Pushing the van with a trailer is worse than if you are pulling a trailer and the trailer gets away from you while stopping. Youtube has plenty of examples of that.
- You have two wheels forming a triangle with the ball. The ball not only allows turning left to right but also up and down or twisting motions.
- You have two wheels driving the trailer, which when everything works and the van is going straight, would push the van down the road.
- If you're taking a highway-style turn, the trailer pushes straight forward for it, which means toward the outside of the curve for the van. It's not pushing the front of the van that direction, it's pushing the rear of it.
- The sharper the turn the more the trailer tries to push the rear of the fan off-course.
- If you're in a sharp turn with the trailer at 90 degrees to the van, the trailer uses all its force to push the rear of the van toward the outside of the turn. If you're on ice, you have vehicle damage right there no matter what.
- If you have one trailer wheel with good traction and the other on slippery or lose material, then the ball experiences a force to the left or right, torquing the van's rear again to one side or the other, but you don't know which side until it happens and in 2 feet it might be pushing in the opposite direction. If the van does NOT have good traction on all wheels you're likely to have vehicle damage again.
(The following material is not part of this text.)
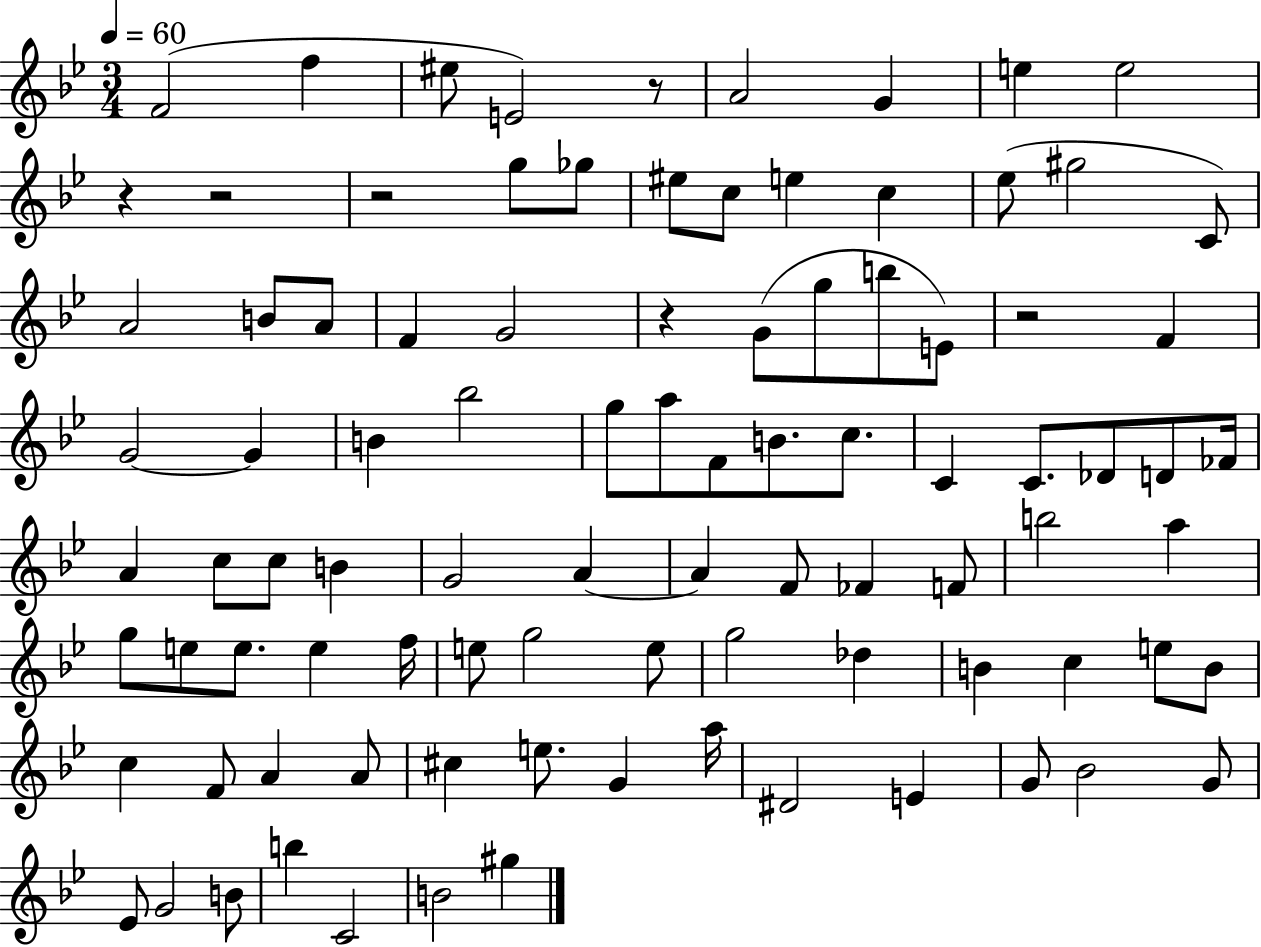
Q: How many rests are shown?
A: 6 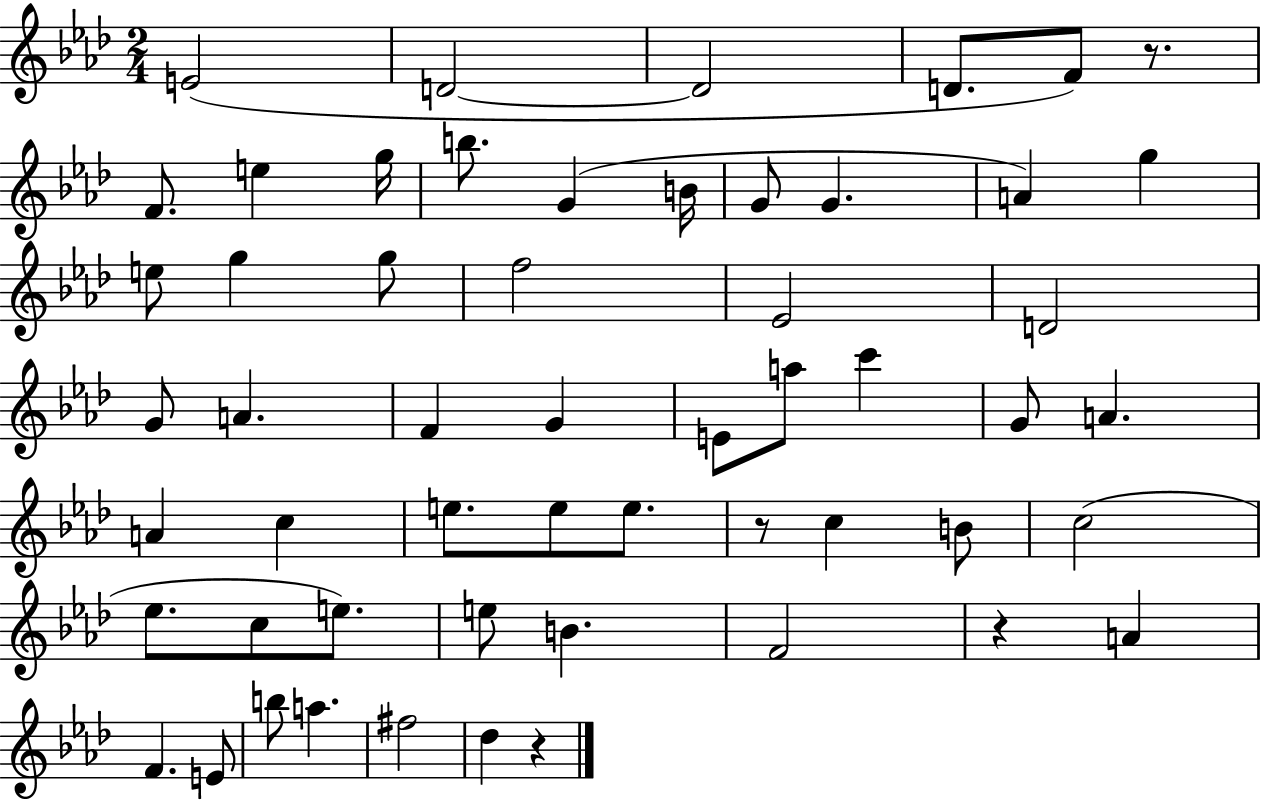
E4/h D4/h D4/h D4/e. F4/e R/e. F4/e. E5/q G5/s B5/e. G4/q B4/s G4/e G4/q. A4/q G5/q E5/e G5/q G5/e F5/h Eb4/h D4/h G4/e A4/q. F4/q G4/q E4/e A5/e C6/q G4/e A4/q. A4/q C5/q E5/e. E5/e E5/e. R/e C5/q B4/e C5/h Eb5/e. C5/e E5/e. E5/e B4/q. F4/h R/q A4/q F4/q. E4/e B5/e A5/q. F#5/h Db5/q R/q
- Even using trailer brakes strongly on questionable traction is sometimes difficult to control. Most trailer stopping accidents happen because the trailer pushes the rear of the vehicle off course and to one side or the other. Which means trailers are prone to this type of physics already, just because they have mass.
Most of this occurred to me shortly after I posted my original post here. That's why I backpedaled on it in my second post.
I don't think a generator on a trailer is an inherently bad idea, but any sort trailer with power to the wheels is absolutely positively not going to happen if I'm involved.
Just having a high voltage high current line running between the trailer and the car is going to require some amazing safety gear.